Luz nos pasó hace días el dato de Liliana, una vecina que cultiva y vende maíz, tomate, pimentón, habichuelas y otro montón de hortalizas. Queda más o menos cerca. Hay que bajar los rieles, seguir un rato en dirección al pueblo y luego voltear a la derecha por la primera entrada. Es una casa blanca con rojo. La primera que hay.

Nos colgamos las mochilas, nos ponemos los sombreros y, en medio de un sol bestial, salimos después de almuerzo. Los gatos andan dormidos en el sofá de la sala y ni se inmutan cuando cerramos las puertas.

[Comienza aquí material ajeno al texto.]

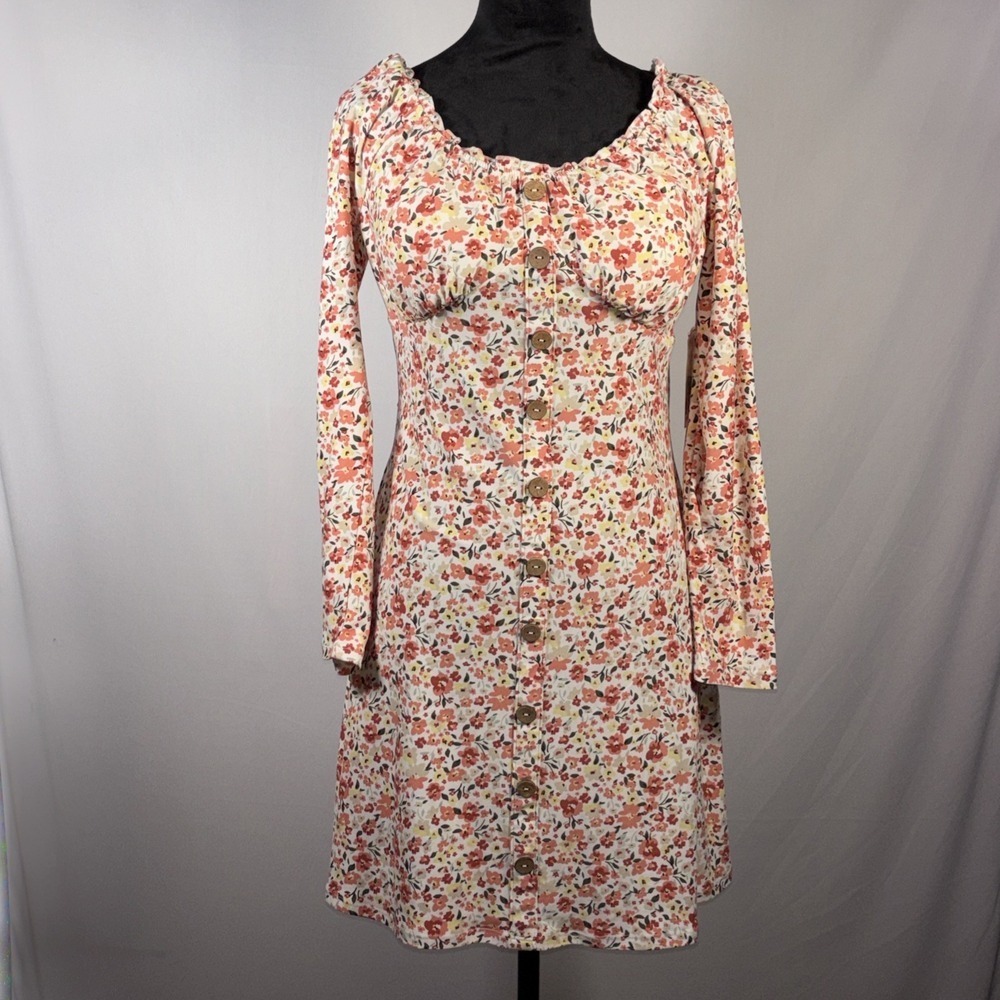 No Boundaries Floral Cottagecore Babydoll Dress Large 11 13 Juniors Padded NWT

Al llegar donde Liliana, dos perros medianos salen a ladrarnos como si nos odiaran de toda la vida. Luego sale otro más pequeño y luego otro mediano y luego otro más grande con pelo de alambre desde la casa de enfrente. Todos igual de furiosos. Con solo verlos, cualquiera diría que llevamos al demonio dentro.

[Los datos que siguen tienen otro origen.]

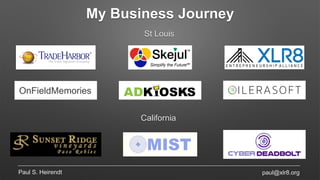 My Business Journey
St Louis
Paul S. Heirendt
California
paul@xlr8.org
OnFieldMemories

Liliana sale sonriente a calmarlos y en cuestión de dos o tres palabras ya no se oye ningún ladrido. Los perros se quedan estáticos. Como si reflexionaran. Mientras tanto, Cata y yo vamos pidiendo nuestras cosas: tomate mediano, cebolla larga, maíz, zanahoria. Lo único que no hay es pimentón. Ah, y tampoco habichuela.

Antes de desaparecer rumbo a la huerta, Liliana nos señala una casa donde venden lechuga y cilantro. A continuación, Cata y yo tomamos por un camino embarrado, un poco más adelante a la derecha, y pronto estamos rodeados por eras de lechuga que van variando paulatinamente en orden de tamaño. Desde las recién sembradas hasta las más grandes, que brillan contra la tierra negra con forma de galaxias. Sin embargo, todavía no hay ninguna para la venta. De pronto la otra semana.

Al volver donde Liliana, los perros nos reciben mucho peor que antes y nos quedamos inmóviles, pendientes ante cualquier intento de mordisco. Una vez más, Liliana los calma como por arte de magia y nos entrega las verduras.

Después de pagar y despedirnos, emprendemos el regreso. Los perros alcanzan a analizarnos durante un par de segundos y enseguida empiezan a ladrar y a gruñir como si quisieran comernos. Seguro sintieron la mala energía, le digo a Cata. Ella alcanza a reírse y toma un palo, al borde camino.